T minus 48 and some odd hours until takeoff. I don't like flying. Correction, I don't like the taking off and landing part. I've had some pretty bad flights in the past. One in particular was filled with turbulance and lightning storms. Lets just say that was the longest prayer session I've ever had. Then there was the one where the guy next to me not only took up his seat but half of mine and smelled like he just came from an all you can eat bean burrito buffet. P-U. But then there have been those wonderful uneventful ones where I can quietly read for three hours. I've learned over the years to wear headphones- even when I'm not listening to music. It keeps the friendly chit chatters next to me from interupting my reading. I figured that out after a flight filled with looking at pictures of some old lady's grandkids. The way she told it they were to be sainted before they even died. Yeah,, yeah, I brag on my kid too but if you don't like it you can always quit reading. You can't just say to some one, 'Please shut your pie hole. Your kids are bratts and I really could care less about hearing of every time they sank a Cheerio'.
This flight I'm a little apprehensive about.

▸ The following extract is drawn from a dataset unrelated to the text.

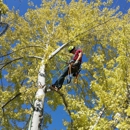 Leo Tree Service - Tree Service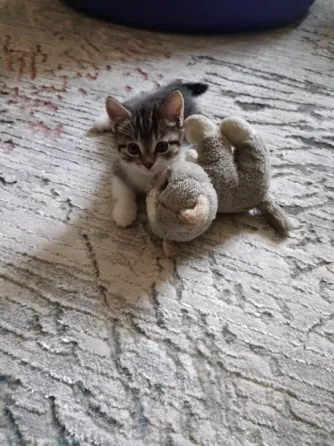 котята Донецк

You see, last time when Gryffin and I went to Arizona Mike was with us. We could tag team Gryffin. One could rest while the other ran him around in the hopes he would sleep on the plane. Now its just up to me. He has become so independant lately and wants to do everything by himself- including running off. I've seen those lazy, terrible monsters of parents put their kids on leashes and shook my head in disgust at them. That was long before I became a mother. Now I know why they did that and I hate to say it but I have joined their little club. This weekend we all went to Target in search of shorts for me. (Thats another story in and of itself) We came across this little teddy bear back pack that has a leash on the back. Mike and I debated and finally realized this would make my time at the airport less stressful. Hey, it was either that or get the pet cage/carrier. We took Gryffin for a walk yesterday with it on to get him used to it, he actually liked it. That eased my conscience a little.
Today is going to be filled with laundry and packing. Then tomorrow while Gryffin is in Day Out I'm going to try and scrub the house and get groceries for our friend Chris who has been so kind to watch our house and dogs for a week. He is a life saver, at least a furniture and floor saver.

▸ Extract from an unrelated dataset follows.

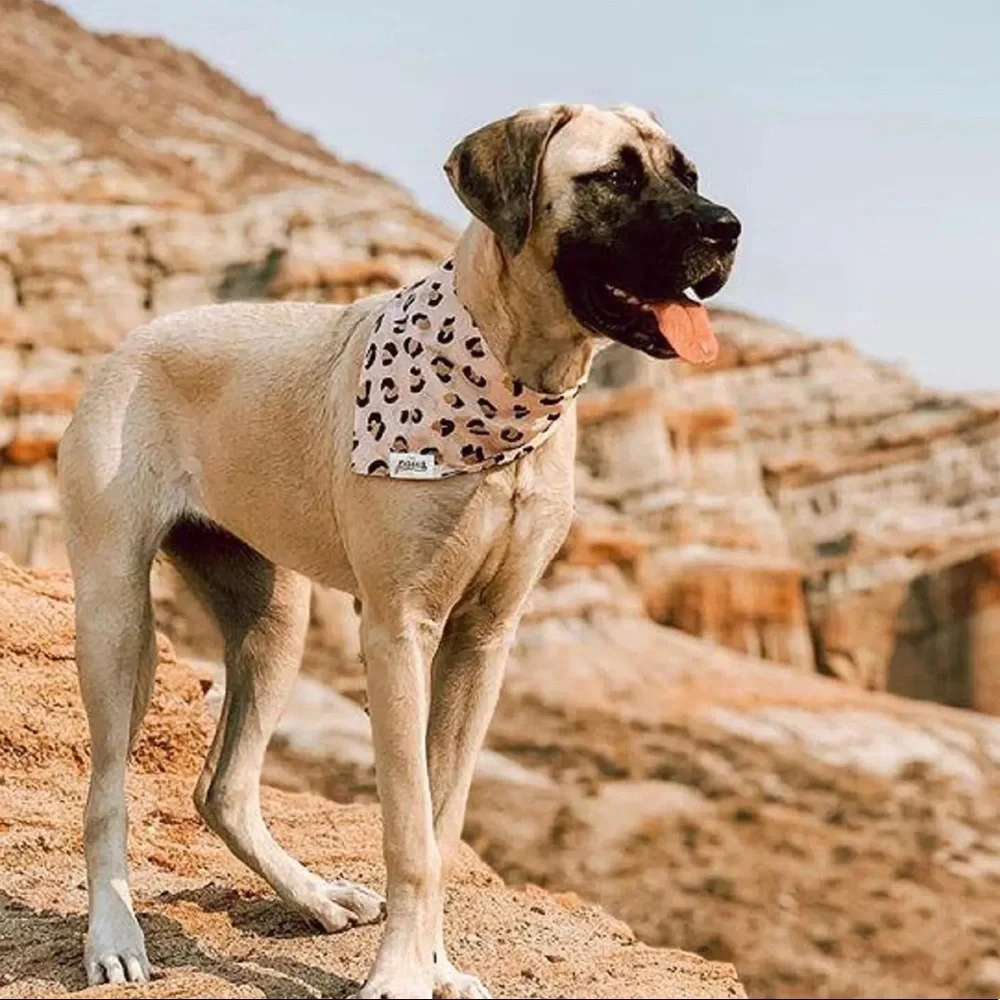 THE PAWS COTTON DOG BANDANA ROARING JUNGLE SIZE XL 17”-23” NWT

Since Gryffin is cooperating so well by feeding his dinosaurs his breakfast I will tell you of my experience of shorts shopping. Between shoes and shorts, I think I would rather shop for a bikini. It might be less depressing. I'm a curvy girl, at least from the navel down. Clothes for the bottom half have always been a problem. Over the winter I decided that skirts would be a good option for me this summer so I scanned Ebay and bought three. I loved them and they fit perfect- then. Mike told me this weekend that I'm probably the only person in the world that complains about losing weight. Its not the weight loss that bothers me, its the fact that I have to go shopping for clothes that fit. I hate, abhoar, loathe, whatever you want to call it, I don't like shopping. Yesterday Mike made me promise to buy at least two pairs of shorts. He mentioned something about the desert being close to if not over 100 degrees this time of year but all I could hear was the crash landing of our checkbook balance. I gave in. We hit Target. They had some really cute ones that weren't too expensive. Yeah, they were cute alright. Cute on the hanger. I hate when girls wear pants that are so low on the waist when they bend down they look like plumbers. Makes me want to walk up behind them, drop a quarter down their crack and see if music comes out their butt. I've always been of the opinion that hip huggers were not created for people with hips. That was a bust. We then went to Khol's. I also have the problem that I'm too old for Junior and too young for Women's. They really should make clothes for In Betweener's. Mike and Gryffin helped me scan for possibilites. (I never shop for clothes without Mike, he has good taste and consoles me when they don't fit) We found a couple possibilities and low and behold, thanks to their belts, they didn't make my butt look like a jukebox! My seamstress will be dissappointed but I'm happy. Now I have a total of three pairs of shorts for this summer. Looks like I'm going to be a lot of laundry. I would rather do that than go shopping again.